■ **Exercise description**
The expected output is an exact copy of the lines from the one containing "新奥精准资料免费提供630期,全面执行数据设计_suite69.306" through the final line of the entries below, with no images.

■ **Given data**
■ ■ ■

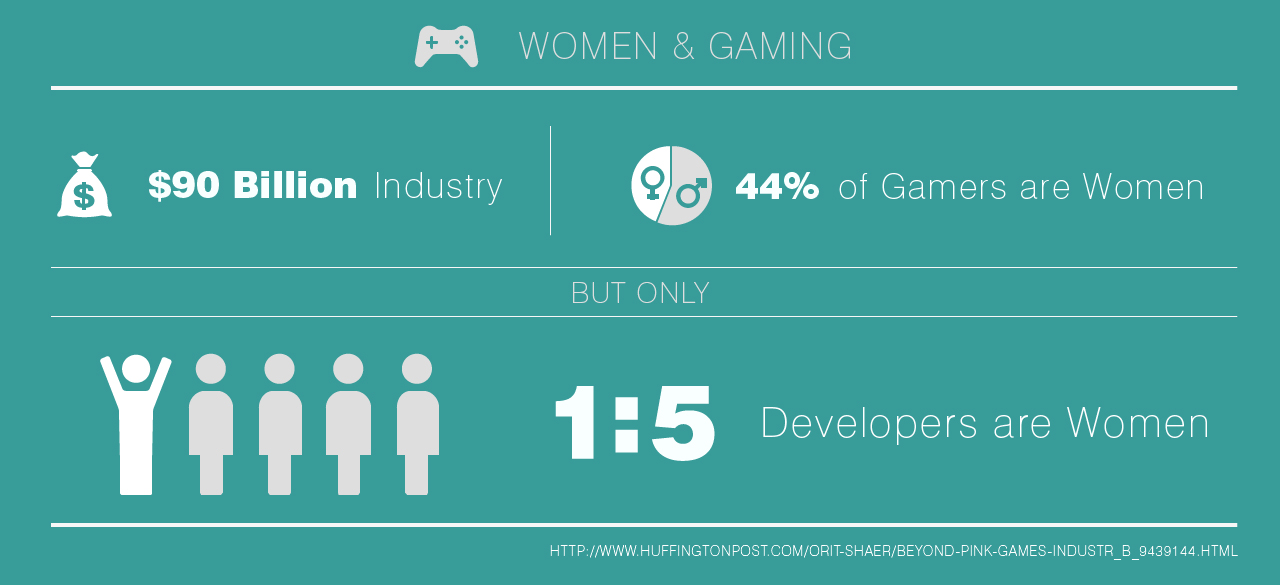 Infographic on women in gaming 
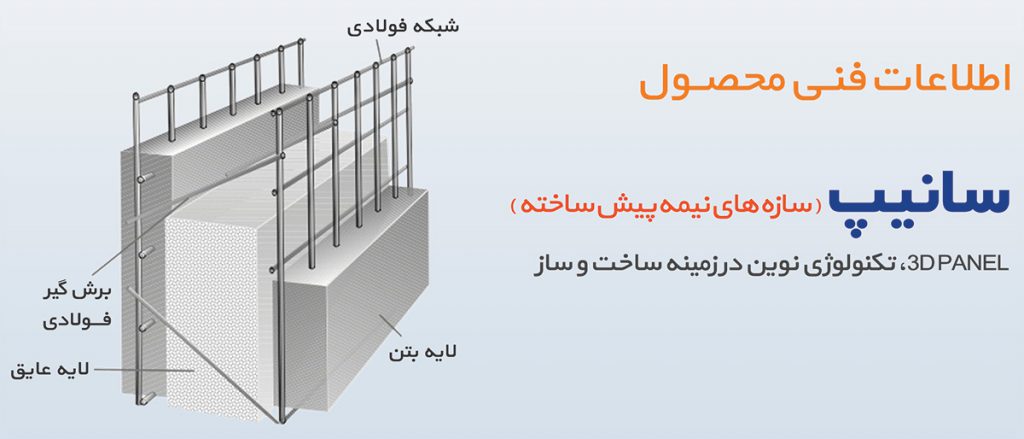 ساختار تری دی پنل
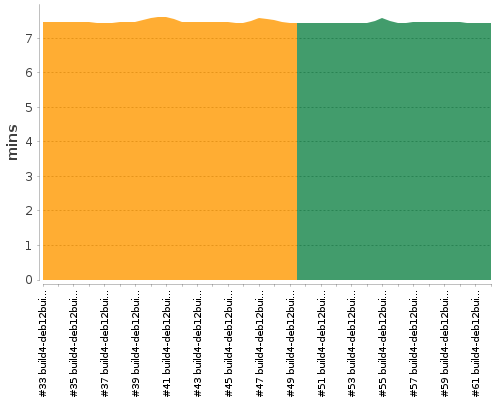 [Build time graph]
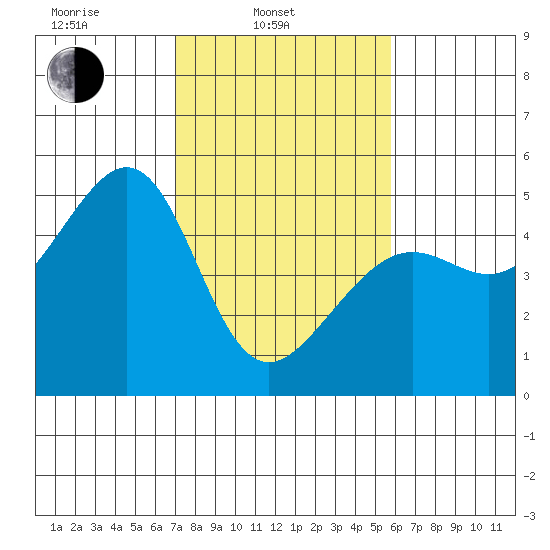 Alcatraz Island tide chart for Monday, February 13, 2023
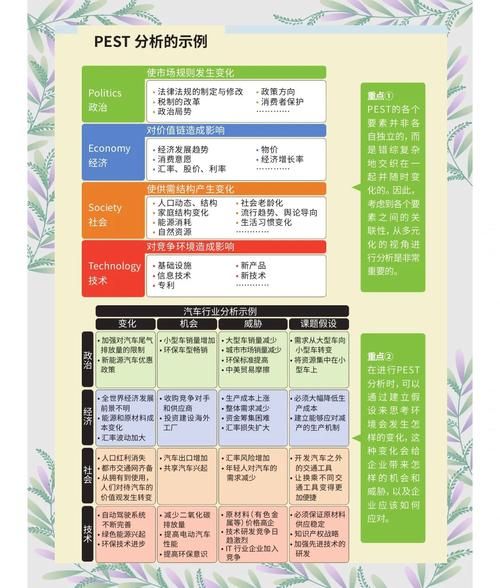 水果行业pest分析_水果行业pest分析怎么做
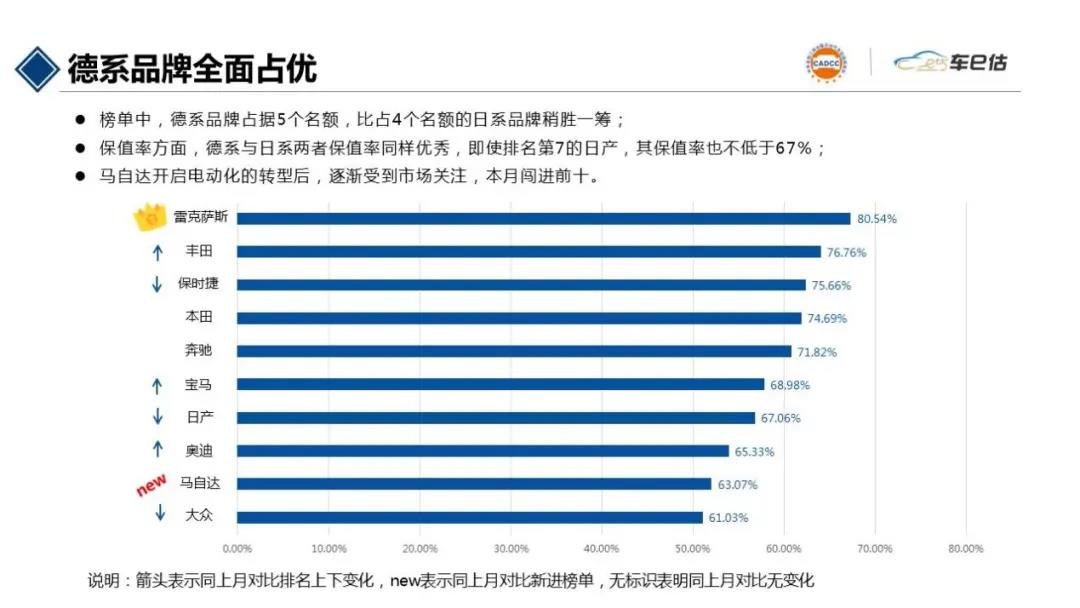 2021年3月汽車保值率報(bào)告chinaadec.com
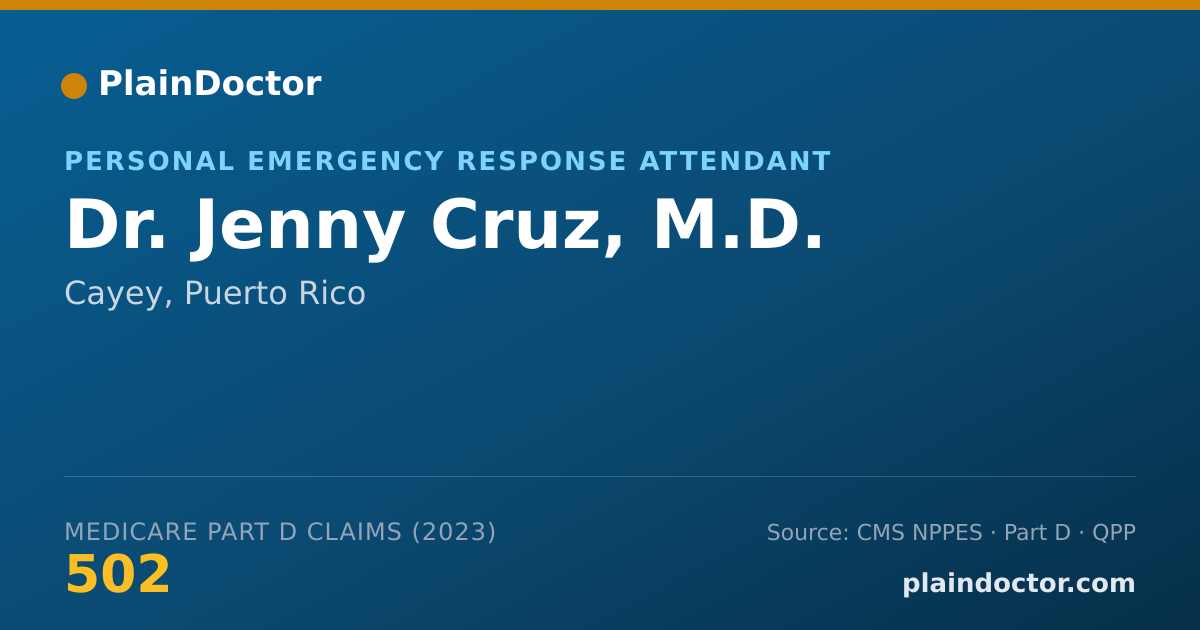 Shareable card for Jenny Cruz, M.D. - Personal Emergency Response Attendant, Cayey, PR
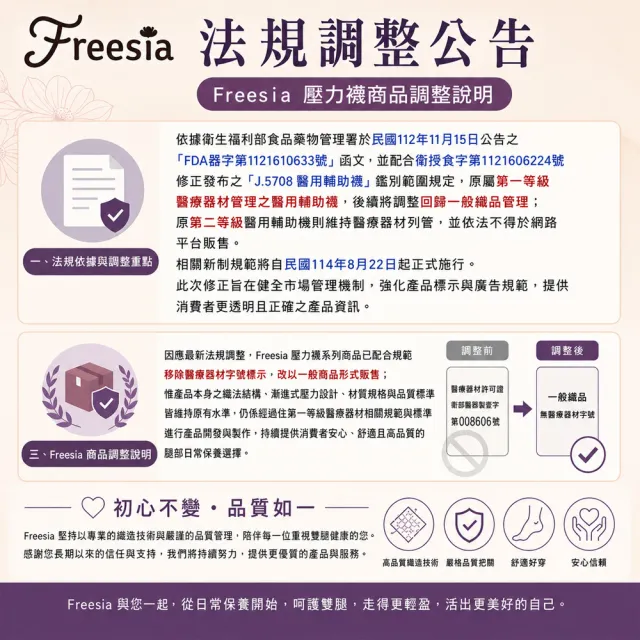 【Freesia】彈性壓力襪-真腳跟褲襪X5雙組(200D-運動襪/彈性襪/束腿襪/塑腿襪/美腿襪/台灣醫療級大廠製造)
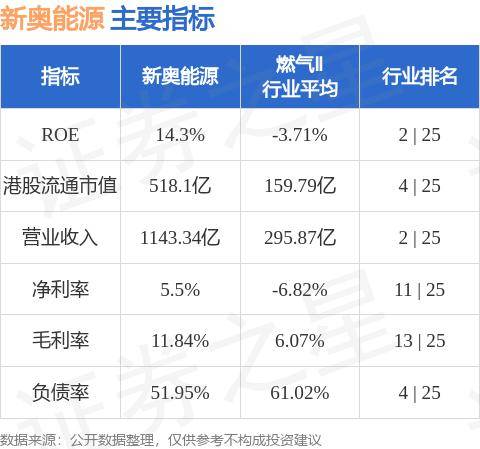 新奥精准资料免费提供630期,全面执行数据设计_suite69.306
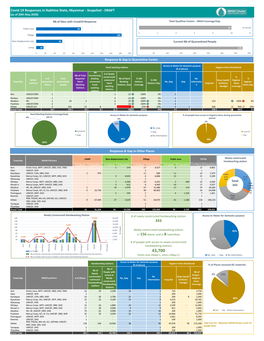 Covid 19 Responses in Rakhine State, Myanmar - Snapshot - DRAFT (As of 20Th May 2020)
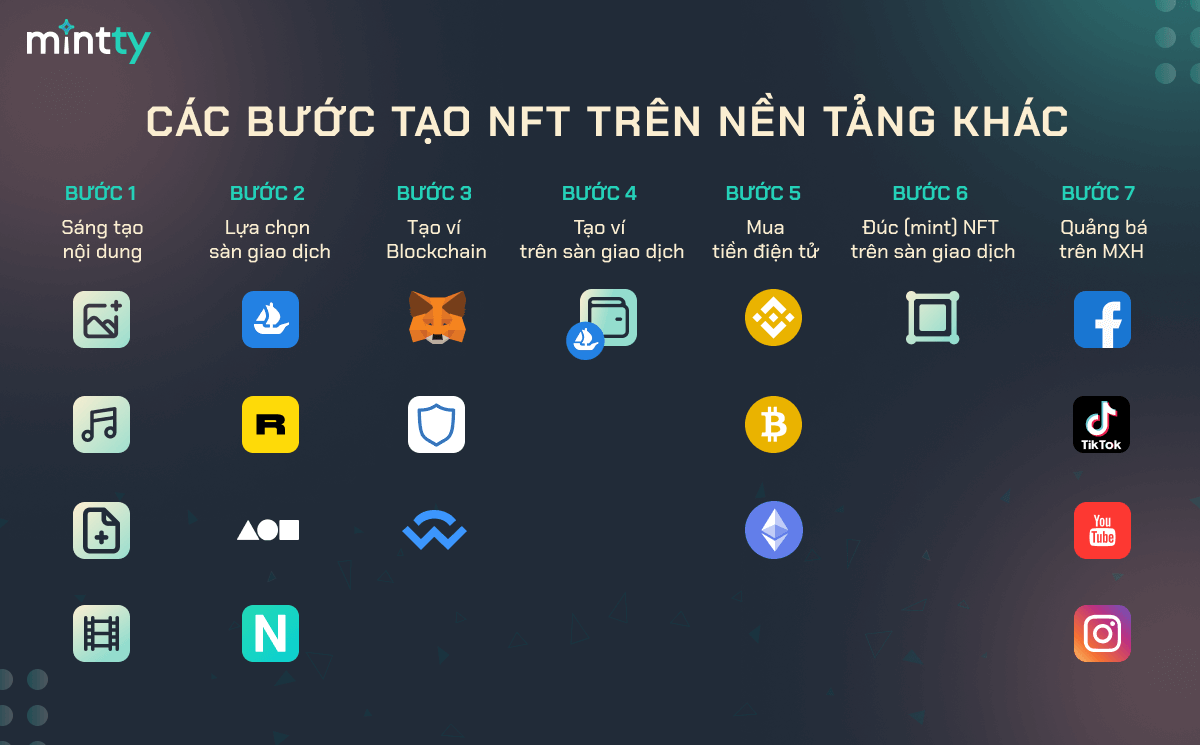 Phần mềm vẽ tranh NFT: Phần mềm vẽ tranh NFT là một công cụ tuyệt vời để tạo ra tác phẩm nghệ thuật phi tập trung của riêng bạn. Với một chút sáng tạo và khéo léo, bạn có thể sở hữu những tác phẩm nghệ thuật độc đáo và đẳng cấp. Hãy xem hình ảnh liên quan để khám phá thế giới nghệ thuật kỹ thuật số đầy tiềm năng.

■ ■ ■

■ **Answer**
 新奥精准资料免费提供630期,全面执行数据设计_suite69.306
 Covid 19 Responses in Rakhine State, Myanmar - Snapshot - DRAFT (As of 20Th May 2020)
 Phần mềm vẽ tranh NFT: Phần mềm vẽ tranh NFT là một công cụ tuyệt vời để tạo ra tác phẩm nghệ thuật phi tập trung của riêng bạn. Với một chút sáng tạo và khéo léo, bạn có thể sở hữu những tác phẩm nghệ thuật độc đáo và đẳng cấp. Hãy xem hình ảnh liên quan để khám phá thế giới nghệ thuật kỹ thuật số đầy tiềm năng.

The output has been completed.